Les crémations ont augmenté de 48% en 10 ans: près de 6 Belges sur 10 se font incinérer

Depuis 2012, le recours à la crémation l'emporte sur la simple inhumation chez nous. Une tendance qui se confirme en fait d'année en année.

6 Belges sur 10 choisissent aujourd'hui la crémation

En chiffres absolus 3275 incinérations en 1977, 15.160 en 1987, 20.873 en 1990, 42.020 en 2004, 50.827 en 2010, 58.871 en 2013, 63.449 en 2015, 64.319 en 2017.

En pourcentages: 32% en 1999, 42% en 2005, 50% en 2012. Ceci alors qu'en 2017, sur les 109.629 décès enregistrés, 59% des défunts ont été incinérés: quasi 6 Belges sur 10. En 10 ans, c'est une hausse de 48%.

Avec une importante disparité entre les 3 Régions du pays. En Flandre, le taux de crémation est de 70% contre 60% à Bruxelles et 44% en Wallonie. Là aussi quelques chiffres (absolus) : le nombre reste stable en Flandre (42.363 en 2017), il diminue quelque peu à Bruxelles (autour de 5000) alors qu'il augmente en Wallonie (16.862 incinérations en 2017).

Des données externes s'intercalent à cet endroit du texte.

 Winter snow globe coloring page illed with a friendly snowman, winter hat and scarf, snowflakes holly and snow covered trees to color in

Un seul crématorium à Bruxelles: c'est devenu trop peu

Globalement le sud du pays s'étant mis, si l'on ose dire, plus tardivement à cette pratique. En 2010, il n'y avait que 3 crématoriums en Wallonie contre 8 aujourd'hui : Gilly-Charleroi, Ciney, Haine-Saint-Paul, Liège, Mons, Frasnes-lez-Anvaing, Court-Saint-Etienne, Welkenraedt - en attendant bientôt Neufchâteau. 10 sites existent côté flamand : Alost, Anvers, Bruges, Courtrai, Gand, Hasselt, Louvain-Hoolsbeek, Saint-Nicolas, Turnhout et Vilvorde.

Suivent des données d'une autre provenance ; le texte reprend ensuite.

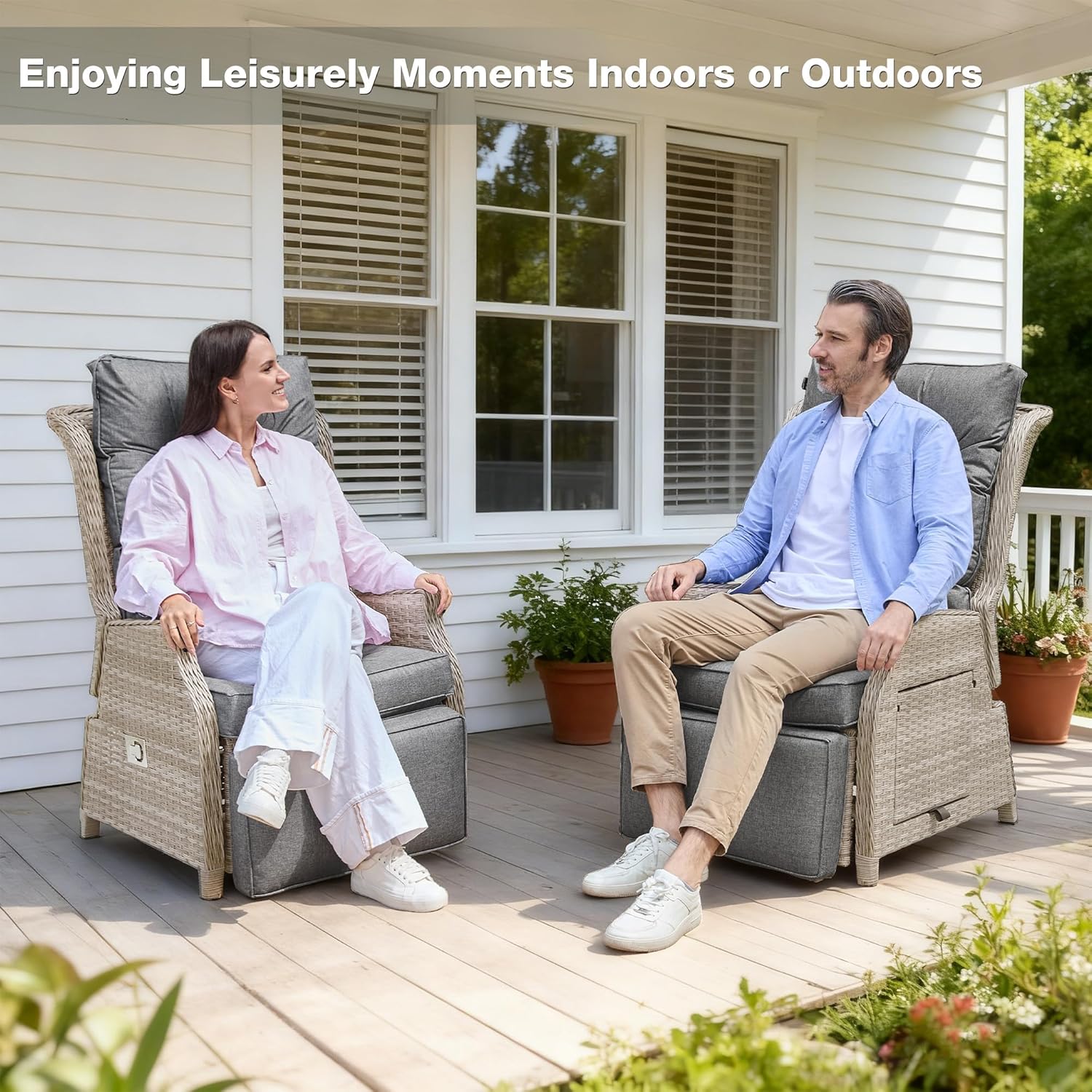 2 Piece Rattan Reclining Garden Lounger Set Grey Beige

Le point noir c'est pour Bruxelles, avec un seul site existant aujourd'hui à Uccle, tandis qu'un projet existe à Evere. Ouverture prévue en 2020 pour un crématorium bruxellois devenu bien nécessaire avec la congestion du trafic dans la ville, le recours plus fréquent des Bruxellois à l'incinération et la saturation parfois du site ucclois.

Question de prix?

Pas forcément. Le plus souvent c'est avant tout la réponse à une série de problèmes pratiques. L'avantage de la crémation est qu'elle ne demande aucun entretien.

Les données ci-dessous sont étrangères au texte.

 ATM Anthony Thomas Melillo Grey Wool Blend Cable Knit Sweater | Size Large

Dans 51% des cas en effet, parmi les différentes pratiques possibles (inhumation de l'urne dans une concession existante, placement dans un colombarium, reprise à domicile...), c'est la dispersion des cendres qui devient la plus courante : 51% des cas selon les chiffres de Néomansio et de Funebra.

Autre explication, la crémation, c'est aujourd'hui un choix personnel ou familial très assumé. Ajoutez à cela : le manque de places dans les cimetières, l'éclatement des familles, la diversification globale des usages et cérémonies... Et non, la crémation ne coûte pas moins cher qu'une inhumation classique.

Comptez +/- 500 euros pour le coût de la seule crémation certes, mais auxquels il faut ajouter tous les frais et les services funéraires. Ca peut montrer très très vite. Un prix qui varie fortement d'une région à l'autre, en fonction de ces frais mais aussi des taxes communales. Taxe de dispersion notamment...

Test-Achats déclarait, il y a quelques jours, que côté disparité régionale toujours, en Flandre, la crémation se révèle à peine moins chère que des obsèques "classiques" (5.200 euros contre 5.400 euros), tandis que la différence est nettement plus marquée en Wallonie (4.100 euros contre 5.100 euros).